Questions have been raised about the monetary benefit of Fair Trade certification for some farmers by recently published analysis by the International Food Policy Research Institute
A study* that tracked the quality premium for coffee grown in Ethiopia found that less than a third of the premium is actually reaching farmers. The study suggests that, as quality premiums are small and average production levels low, the net benefit to coffee farmers is as little as US$22/year, even with a what the authors of the study described as a “perfect transmission scenario” and therefore would have little impact on the welfare of the average coffee farmer.
The authors of the report also argue that, given that the sustainability standards they studied are characterized by the highest premiums among such schemes, “it can be assumed that even lower benefits from other certification schemes trickle down to producers.”

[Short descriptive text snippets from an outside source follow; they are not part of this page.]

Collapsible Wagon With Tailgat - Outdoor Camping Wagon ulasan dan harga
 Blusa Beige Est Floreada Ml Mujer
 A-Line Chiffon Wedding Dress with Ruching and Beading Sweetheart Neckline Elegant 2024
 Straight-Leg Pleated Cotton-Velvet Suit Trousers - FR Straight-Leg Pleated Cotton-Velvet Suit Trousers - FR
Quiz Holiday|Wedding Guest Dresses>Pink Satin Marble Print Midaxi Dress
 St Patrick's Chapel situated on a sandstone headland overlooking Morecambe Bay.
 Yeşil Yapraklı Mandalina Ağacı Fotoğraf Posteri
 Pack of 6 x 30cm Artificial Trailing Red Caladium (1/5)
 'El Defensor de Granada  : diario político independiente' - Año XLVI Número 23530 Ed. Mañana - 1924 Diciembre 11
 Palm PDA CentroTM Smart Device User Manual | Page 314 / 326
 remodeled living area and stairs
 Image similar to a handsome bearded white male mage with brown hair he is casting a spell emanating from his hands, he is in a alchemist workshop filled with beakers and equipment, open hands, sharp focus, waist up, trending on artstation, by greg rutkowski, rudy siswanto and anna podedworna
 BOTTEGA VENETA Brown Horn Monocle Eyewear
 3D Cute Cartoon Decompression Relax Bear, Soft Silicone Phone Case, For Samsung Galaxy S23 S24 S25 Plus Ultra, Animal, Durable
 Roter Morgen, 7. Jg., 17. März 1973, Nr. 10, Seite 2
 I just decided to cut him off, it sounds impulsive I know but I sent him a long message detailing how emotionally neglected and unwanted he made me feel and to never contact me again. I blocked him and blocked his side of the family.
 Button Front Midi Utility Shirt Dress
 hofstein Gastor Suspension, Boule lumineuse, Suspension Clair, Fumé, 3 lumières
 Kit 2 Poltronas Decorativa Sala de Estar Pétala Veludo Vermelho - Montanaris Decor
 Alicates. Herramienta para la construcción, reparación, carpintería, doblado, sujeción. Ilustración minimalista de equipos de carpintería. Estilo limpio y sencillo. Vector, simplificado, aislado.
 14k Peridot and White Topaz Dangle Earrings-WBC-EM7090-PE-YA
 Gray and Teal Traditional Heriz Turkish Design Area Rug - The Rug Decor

Report author Bart Minten**, who works for the International Food Policy Research Institute (IFPRI) noted that voluntary sustainability standards such as Fair Trade and organic certified coffee have seen remarkable growth, especially over the past decade. However, in Ethiopia, he argues, the benefits for small coffee farmers haven’t been as significant as may be widely perceived. ■ C&CI Read more
*Tracking the Quality Premium of Certified Coffee: Evidence from Ethiopia, Bart Minten, Mekdim Dereje, Ermias Engida, Seneshaw Tamru.
**Bart Minten is a Senior Research Fellow in IFPRI’s Development Strategy and Governance Division. He is based in Addis Ababa, Ethiopia
This article first appeared in the January ’18 issue of C&CI, click on subscribe now if you wish to read the full story and other informative articles in the January and future issues of C&CI or log in here if you are already a subscriber.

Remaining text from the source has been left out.